Both Mariah Carey's strength and her weakness his that she exists in her own bubble, impervious to change. Trends come and go but Mariah remains Mariah. Her blend of bubblegum pop and R&B never feels particularly current but it also never ages. A reminder of a bygone age but a time period that cannot be placed. Rainbow, Mariah's 1999 masterpiece, is peak Carey.
It marked the end of her first imperial phrase. Rainbow was Mariah's first album in years to not top the charts and proceeded the trauma that was Glitter, and arrived long before the career and artistic rebirth of The Emancipation of Mimi. The production credits and guest spots read like a who's-who of 1999. At this point she was untouchable. With one of the most lucrative recording contracts of all time and comfortably into her songwriting groove, she was making the kind of music she should have been releasing her whole career.
Mariah has always been keen to stress her credentials as a songwriter and Rainbow is evidence that strongly supports her case - a well-crafted balance of her signature ballads with sparky R&B jams. Lyrically the tracks are breezy but intensely relatable, a formula that was most successfully deployed by Motown. Despite her incredible riches, success and vocal prowess - Mariah writes from a perspective that we all understand. This isn't a record about the pains of being famous but about love, being a woman. There is also an archness to her music that often goes unheralded. Take lead single "Heartbreaker" its lyrics juxtaposed with the bounciest of beats.

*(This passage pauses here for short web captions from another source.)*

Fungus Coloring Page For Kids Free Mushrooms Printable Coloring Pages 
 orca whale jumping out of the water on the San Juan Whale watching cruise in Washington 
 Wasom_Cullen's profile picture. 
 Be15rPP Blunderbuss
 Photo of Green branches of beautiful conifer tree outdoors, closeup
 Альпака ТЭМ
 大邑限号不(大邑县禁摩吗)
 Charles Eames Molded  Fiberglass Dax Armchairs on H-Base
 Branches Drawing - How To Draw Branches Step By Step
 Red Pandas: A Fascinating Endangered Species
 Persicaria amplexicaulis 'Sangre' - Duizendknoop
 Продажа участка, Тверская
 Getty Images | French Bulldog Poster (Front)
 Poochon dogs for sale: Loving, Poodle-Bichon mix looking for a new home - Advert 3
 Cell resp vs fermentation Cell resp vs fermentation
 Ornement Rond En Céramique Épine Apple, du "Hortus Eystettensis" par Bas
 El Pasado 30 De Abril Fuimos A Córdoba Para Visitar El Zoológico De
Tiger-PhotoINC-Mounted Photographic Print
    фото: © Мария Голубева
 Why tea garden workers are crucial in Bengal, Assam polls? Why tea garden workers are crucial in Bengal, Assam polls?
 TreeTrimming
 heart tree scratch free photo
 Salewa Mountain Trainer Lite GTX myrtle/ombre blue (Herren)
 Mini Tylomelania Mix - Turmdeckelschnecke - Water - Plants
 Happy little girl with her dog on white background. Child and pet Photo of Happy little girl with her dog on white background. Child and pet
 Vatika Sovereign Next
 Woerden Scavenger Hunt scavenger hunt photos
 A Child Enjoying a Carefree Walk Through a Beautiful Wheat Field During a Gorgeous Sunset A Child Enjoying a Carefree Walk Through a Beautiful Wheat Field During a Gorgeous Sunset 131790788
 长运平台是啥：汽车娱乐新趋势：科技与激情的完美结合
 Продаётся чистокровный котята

Mariah, and many others, consider 1997's Butterfly to be her finest work. Moving away from the middle-of-the-road tracks that typified her early work, she began working with younger hip-hop producers. Butterfly is finessed and marked a new chapter but it lacks the fun of Rainbow which, as Mariah records go, borders on the spontaneous.
Rainbow isn't an artistic statement. It isn't the study of an artist and we learn next to nothing about Mariah (although there are some rare glimpses into her psyche following her split from Tommy Mottola). But that isn't why we love her. Mariah always serves up exactly what you need.
There has been flashes of genius since but it's notable that some of her best tracks would fit perfectly on this album. The inspired "#Beautiful" ft. Miguel captures that sense of joie de vie that permeates and typifies Rainbow. It's an album that is incapable of ageing, so unrelentingly universal that it becomes timeless.